*The task:* Retype each entry below exactly. Do not carry any image over.

*Dataset entries:*
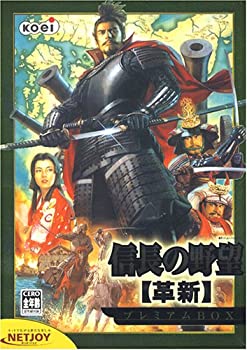 【中古】【輸入・日本仕様】信長の野望・革新 プレミアムBOX【メーカー名】コーエー【メーカー型番】【ブランド名】コーエー【商品説明】信長の野望・革新 プレミアムBOXこちらは国内使用されていた商品を海外販売用で買取りした物です。 付属品については商品タイトルに付属品についての記載がない場合がありますので、 ご不明な場合はメッセージにてお問い合わせください。 また、画像はイメージ写真ですので画像の通りではないことがございます。ビデオデッキ、各プレーヤーなど在庫品によってリモコンが付属してない場合がございます。限定版の付属品、ダウンロードコードなど付属なしとお考え下さい。中古品の場合、基本的に説明書・外箱・ドライバーインストール用のCD-ROMはついておりません。当店では初期不良に限り、商品到着から7日間は返品を 受付けております。 お客様都合のご返品はお受けしておりませんのでご了承下さい。ご注文からお届けまでご注文⇒ご注文は24時間受け付けております。お届けまで3営業日〜10営業日前後とお考え下さい。 海外倉庫からの発送の場合は3週間ほどお時間を頂戴致します。※併売品の為、在庫切れの場合はご連絡させて頂きます。※離島、北海道、九州、沖縄は遅れる場合がございます。予めご了承下さい。※ご注文後、当店より確認のメールをする場合がございます。ご返信が無い場合キャンセルとなりますので予めご了承くださいませ。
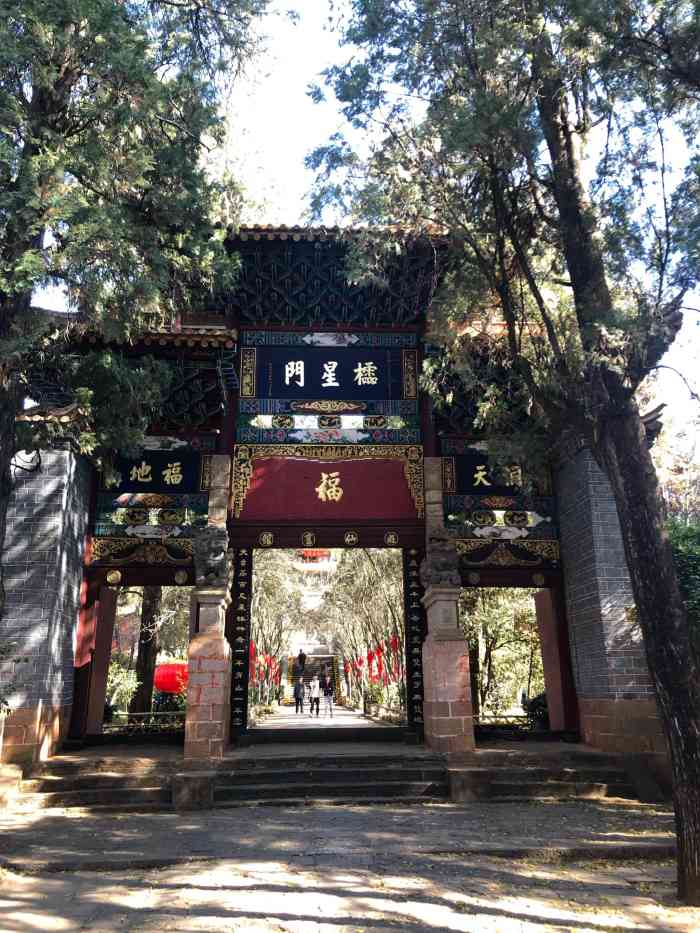 昆明市金殿名胜区-"金殿后山可以去一下,去吃烤全羊更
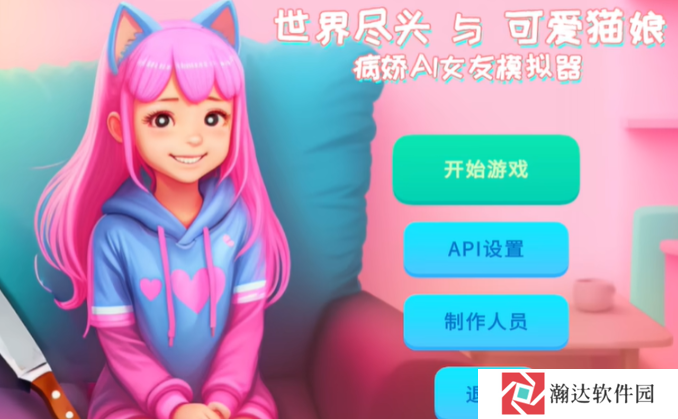 病娇ai女友模拟器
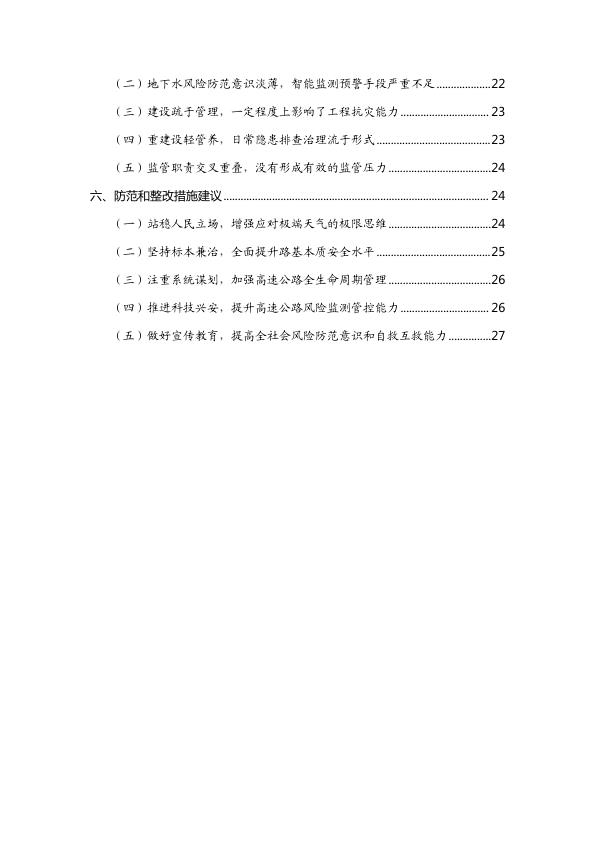  20240501梅大高速茶阳路段“5·1”塌方灾害调查评估报告 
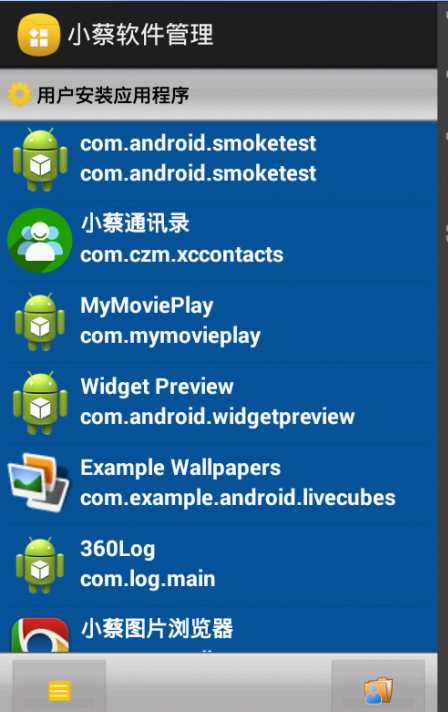 bubuko.com,布布扣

*Output of the exercise:*
 【中古】【輸入・日本仕様】信長の野望・革新 プレミアムBOX【メーカー名】コーエー【メーカー型番】【ブランド名】コーエー【商品説明】信長の野望・革新 プレミアムBOXこちらは国内使用されていた商品を海外販売用で買取りした物です。 付属品については商品タイトルに付属品についての記載がない場合がありますので、 ご不明な場合はメッセージにてお問い合わせください。 また、画像はイメージ写真ですので画像の通りではないことがございます。ビデオデッキ、各プレーヤーなど在庫品によってリモコンが付属してない場合がございます。限定版の付属品、ダウンロードコードなど付属なしとお考え下さい。中古品の場合、基本的に説明書・外箱・ドライバーインストール用のCD-ROMはついておりません。当店では初期不良に限り、商品到着から7日間は返品を 受付けております。 お客様都合のご返品はお受けしておりませんのでご了承下さい。ご注文からお届けまでご注文⇒ご注文は24時間受け付けております。お届けまで3営業日〜10営業日前後とお考え下さい。 海外倉庫からの発送の場合は3週間ほどお時間を頂戴致します。※併売品の為、在庫切れの場合はご連絡させて頂きます。※離島、北海道、九州、沖縄は遅れる場合がございます。予めご了承下さい。※ご注文後、当店より確認のメールをする場合がございます。ご返信が無い場合キャンセルとなりますので予めご了承くださいませ。
 昆明市金殿名胜区-"金殿后山可以去一下,去吃烤全羊更
 病娇ai女友模拟器
  20240501梅大高速茶阳路段“5·1”塌方灾害调查评估报告 
 bubuko.com,布布扣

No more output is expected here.